Lastly, if you make this Carrot Cake with Cream Cheese Swiss Meringue Icing be sure to leave a comment or give this recipe a rating. I love to see when people make my recipes, so please tag me @youthsweets on Instagram if you post!
📖 Recipe
Carrot Cake with Cream Cheese Swiss Meringue Icing
Ingredients
Carrot Cake
- 2 cups all-purpose flour
- 2 teaspoon baking powder
- ¼ teaspoon baking soda
- ¾ teaspoon salt
- 1 ½ teaspoon ground cinnamon
- ¾ teaspoon nutmeg freshly grated
- ½ teaspoon ground ginger
- pinch ground cloves
- 1 ¼ cup vegetable oil
- 1 cup dark brown sugar
- 1 cup granulated sugar
- 4 large eggs room temperature
- 1 ½ teaspoon vanilla
- 3 cups finely grated carrots (300g shredded, approx. 4 large carrots)
Cream Cheese Swiss Meringue Buttercream
- 6.25 oz egg whites
- 7 oz sugar
- pinch of salt
- 1 lb unsalted butter room temperature, 72 degrees or warmer
- 8 oz cream cheese room temperature
- 1 teaspoon vanilla
- white, purple, orange and green food coloring
Instructions
Make the cake
- Preheat oven to 350°F. Grease and flour three 6″ cake rounds, line bottoms with parchment circles.
- In a medium bowl, combine flour, baking powder, baking soda, spices, and salt. Set aside.
- In the bowl of a stand mixer fitted with a paddle attachment, combine vegetable oil and sugars. Beat until well combined, about 2 mins. Add eggs, one at a time, fully incorporating after each addition. Add vanilla and mix until incorporated.
- Add flour mixture in 3 parts, careful not to overmix. Fold in carrots.
- Spread batter evenly into prepared pans and bake for 45-55 minutes, or until a cake tester or toothpick inserted into the center comes out clean.
- Cool cakes in their tins for 10 minutes, then turn out onto a wire rack to cool completely.
Make the frosting
- Combine egg whites, sugar and salt in a heatproof bowl. Set over a bain-marie and cook, stirring constantly, until 160°F. Remove from heat and pour into a Kitchenaid mixer bowl fitted with a whisk attachment.

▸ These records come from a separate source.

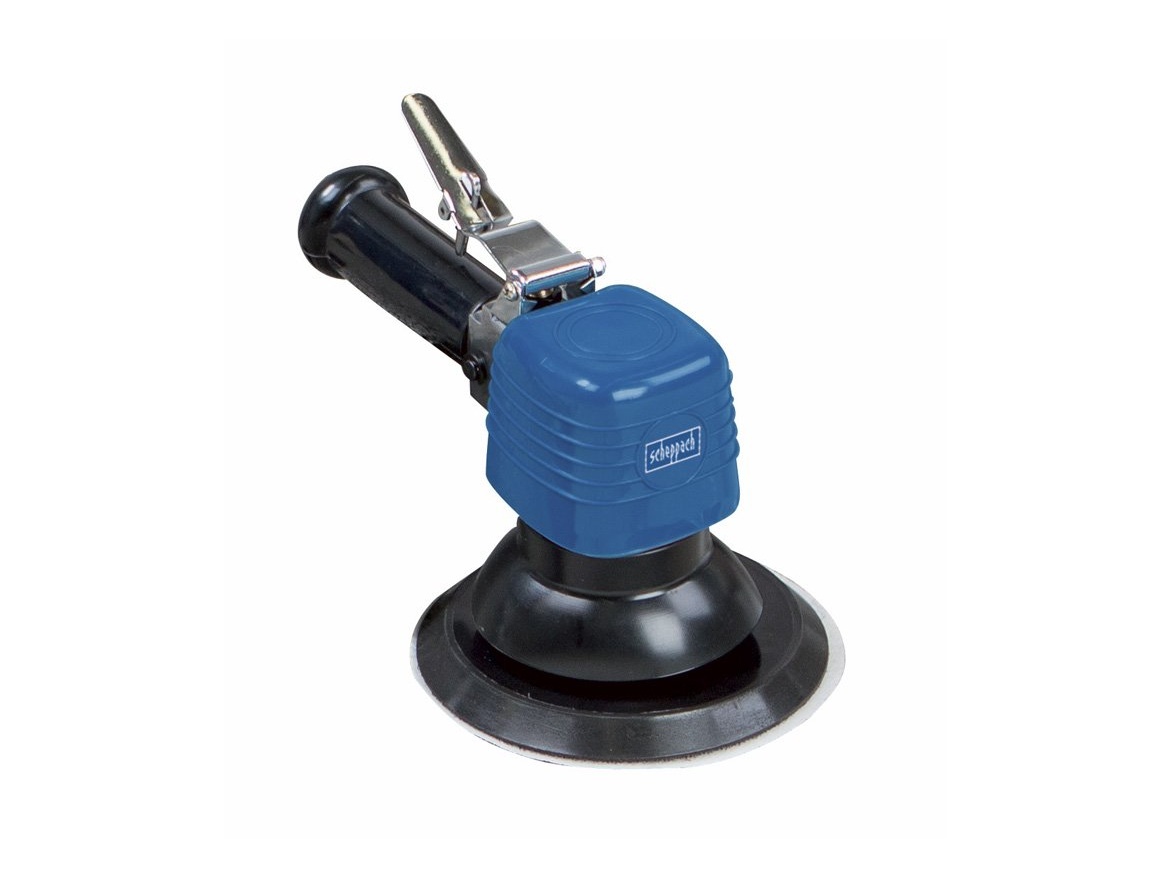 Scheppach Pneumatická excentrická bruska 150 mm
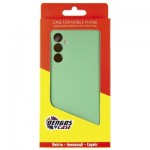 Огляд Чохол до мобільного телефона Dengos Samsung Galaxy A24 Case + Glass (Mint) (DG-KM-79): характеристики, відгуки, ціни.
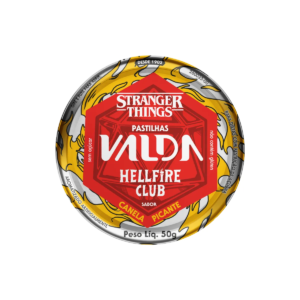 Pastilha Valda Stranger Things Canela e Pimenta 50g
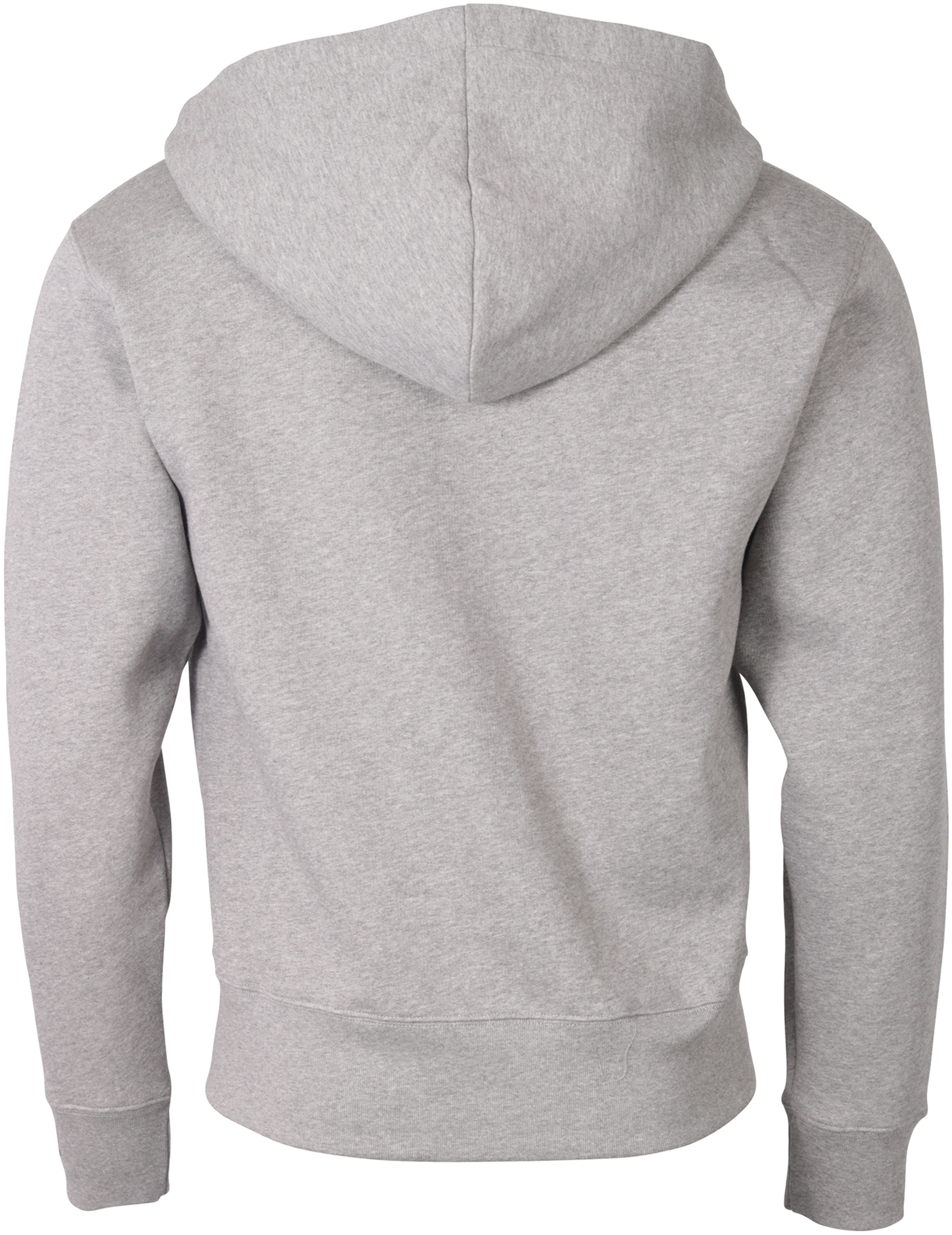 Unisex Acne Studios Zip Hoodie Ferris Face Heathergrey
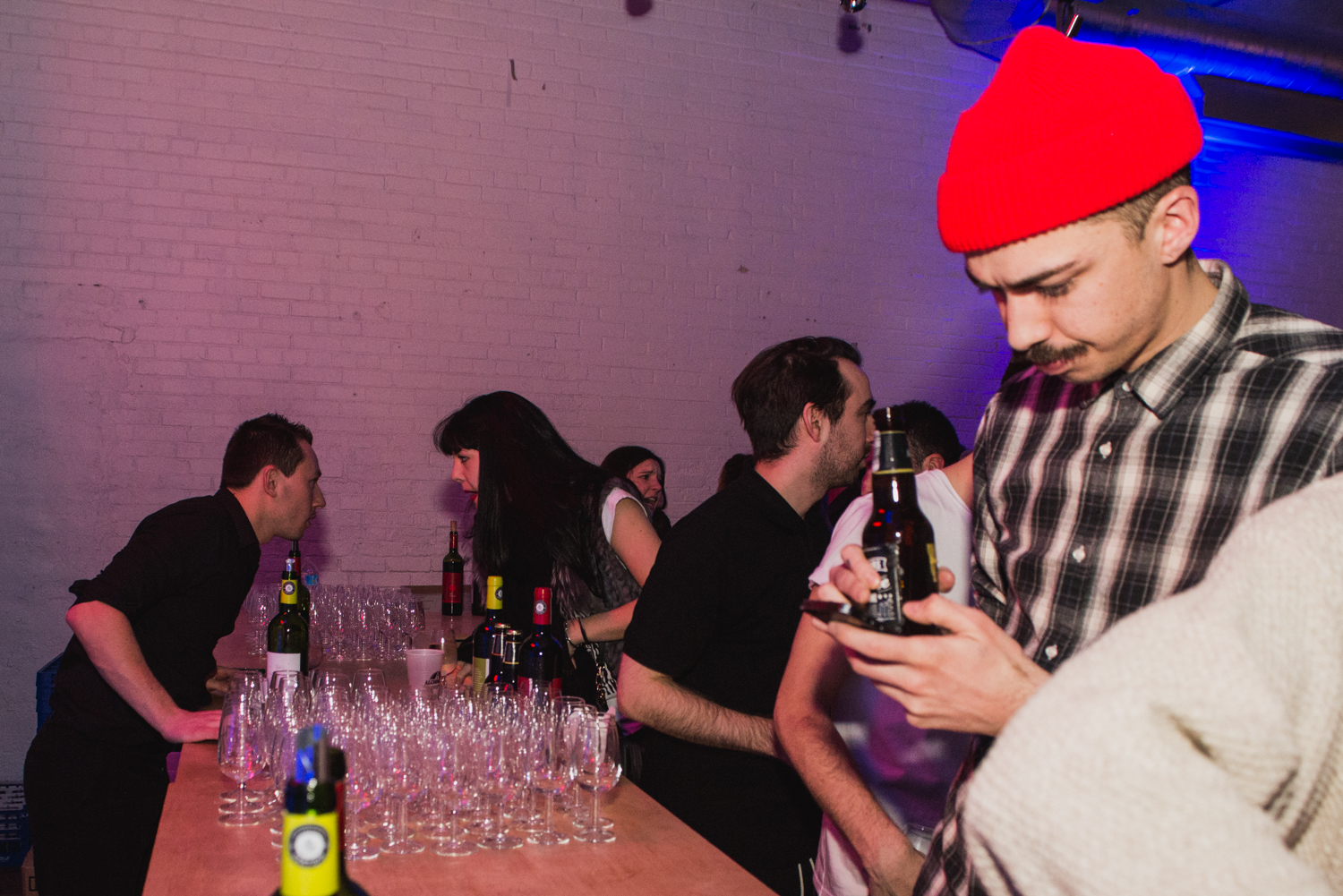 Nos talentueux designers graphiques québécois font la fête au party Grafika à l'Espace Infopresse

- Beat on high until stiff peaks form and the bowl is cool to the touch. This may take 10 minutes or more.
- Change to a paddle attachment, add room temperature butter and mix on the lowest setting until butter is incorporated and frosting is light and fluffy. This may take 15 minutes or more, but stay on the lowest setting. If it looks curdled, keep mixing. When in doubt, keep mixing.
- At this point, you have made swiss meringue buttercream. Set aside.
- Beat your room temperature cream cheese for at least 5 minutes until very fluffy and smooth. Add vanilla and mix.
- Add your swiss meringue buttercream to your cream cheese in thirds. Do not add your cream cheese to your swiss meringue buttercream. It will not mix in properly.
- Your frosting is ready to use as is, or you can add food coloring. I added whitener and a drop of purple to whiten the majority of the frosting. Then for decorations, I removed ¼ cup and added orange food coloring for the carrots and removed another ¼ cup and added dark green food coloring for the leaves.
Assemble the cake
- You can either build one cake with three thick layers, two cakes with three thin layers or one cake with six thin layers. I like to cut each baked layer in half and make (2) thin, three-layered cakes.
- With an offset spatula, swipe a teaspoon of your frosting onto the cake board to hold the first layer in place.
- Place one layer of cake onto the cake board. Top with about ½ cup of buttercream and spread evenly. Repeat with remaining layers. Frost and smooth the outside with a thin crumb coat and chill to set the crumb coat.
- Spread a thicker layer of frosting on the top and outside with offset spatula. Smooth with a bench scraper. If desired, pipe little carrots all over with orange and green icings.